Der „Erlebnisberg“ wirbt mit Abenteuer für die gesamte Familie. Unser Trail führt an der Sommerrodelbahn hinunter zur Schlitz. Dort gibt es auch noch den Ort Schlitz mit dem Hinterturm, wo 1921 der UFA-Film „Tischlein deck dich, Esel streck dich, Knüppel aus dem Sack“ gedreht wurde. Das Buch ist übrigens wieder aufgelegt worden und die Ortschaft Schlitz überlegt, ein Schlitzmuseum zu eröffnen. Die Schlitz führt uns zur Rehaklinik, die wir gekonnt umlaufen, um zum Hühnerkippel zu gelangen, an dem nicht gehühnert wurde. Hühner= Hühne. Auch die Bezeichnung Hunne geht auf das keltische „Hün“ zurück und bedeutet „kleiner Bär“.
Es ist ein wunderbarer 10 Kilometer langer, gut laufbarer Weg. Am Schwarze Fluss biegen wir ab und nehmen die Wende an der Schutzhütte, um den Schelgesmusenwald zu entern. Dafür verlassen wir den schnellen Weg, nehmen einen, den die Wildschweine richtig trailig gemacht haben. Abstecher zur Teufelsmühle, Spitzen Stein, Teufelskanzel und Teufelsstein, an dem der Teufel Karten spielte. Ortsbezeichnungen, die nicht mehr doppeldeutig sind, sondern von den schottischen Wandermönchen kreiert wurden.

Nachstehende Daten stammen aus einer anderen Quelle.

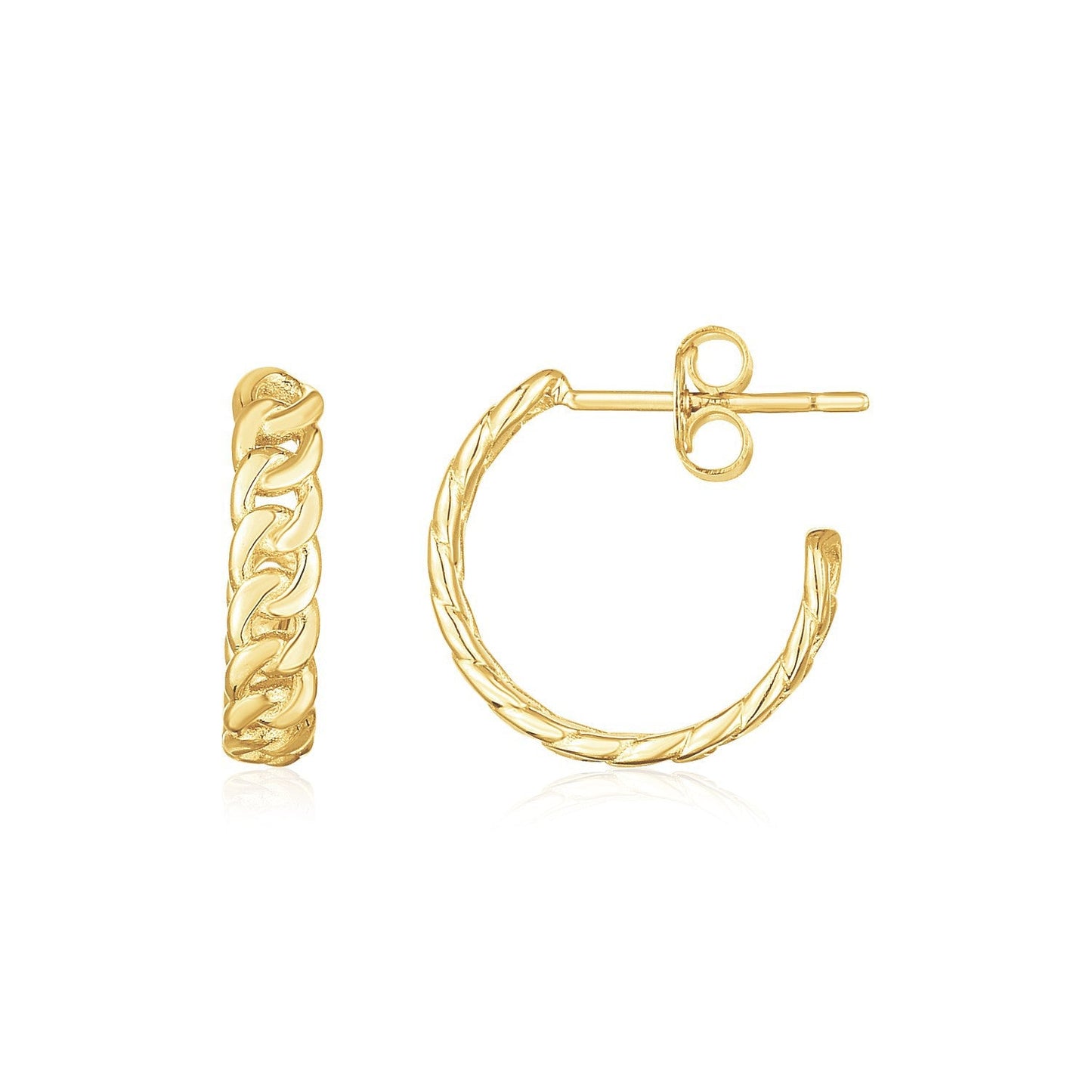 Boucles d'oreilles créoles en chaîne incurvée en or jaune 14K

Im Wald entdecken wir immer wieder urige Lavaschlote, wie den Uhustein, an dem man seltsame Fratzen erkennen kann. Ich erkenne, dass mich gerade einige Ultraläufer überholen. Mir fällt es nicht schwer, mich dranzuhängen, auch wenn es aufwärts geht. Es ist alles gut laufbar. Selbst der Hirschtrail, der von Mountainbikern verunstaltet wurde, ist eine Freude. Mehr noch die Langlaufloipen, die durch lichtes Grün führen. Das mag ich. Viel zu fotografieren gibt es jetzt nicht mehr. Es gibt auch keine Cut-Off Zeiten, dafür aber gute Verpflegung alle 10 Kilometer, und vielleicht nächstes Jahr eine Möglichkeit, Eigenverpflegung zu deponieren.
Der Geiselstein (773m) ist auch ein Basaltkegel. Ob innere oder äußere Spalte, es ein steckengebliebener Lavaausbruch. Wer hier einen Kompass nutzt, der wird verwundert sein, denn der Geiselstein besteht aus Magnetit, ist also stärker als der Nordpol. Es könnte sein, dass dieser ehemalige Schlot deswegen Geiselstein genannt wird, weil er sämtliche Schwerter anzog.
Ich ziehe langsam weiter, habe mir bei den 220 Kilometern in Albanien etwas eingefangen, als ich neben den Schuhen der Gastfamilie schlafen musste und das wandert aus den Bronchien nach unten.
Von den Wiesen hier oben wandert eh alles nach unten, wir sind an der Quelle der Nidda, die irgendwann nach Frankfurt kommt, wo mein Trainingsgebiet ist. Die eigentliche Quelle der Nidda markiert die Wasserscheide Rhein-Weser und bildete die umstrittene Grenze zwischen den Landgrafen und den Freiherren. Die Landgrafen waren aber gerissen, ließen die Bauern von Schotten einen 600 Meter langen Graben ausheben, um den Landgrafenborn in die Nidda, also in den Rhein umzuleiten. Damit verschob sich die Grenze zugunsten der Landgrafen. Die Kilometerzahl eines Marathons verschiebt sich nie, es bleiben 42,2 Kilometer.
Der Gackerstein (663 m) ist auch wieder ein Magmaschlot, ein imposanter, moosbewachsener. Nächstes Jahr laufe ich dort hinauf. Nächstes Jahr wir das am 04. Mai sein, dann mach ich den neuen 92 Kilometerlauf, oder wieder die 67. Ich mag diese kleinen Ferkeleien ohne Zeitlimit durch goldige Mittelgebirgslandschaften.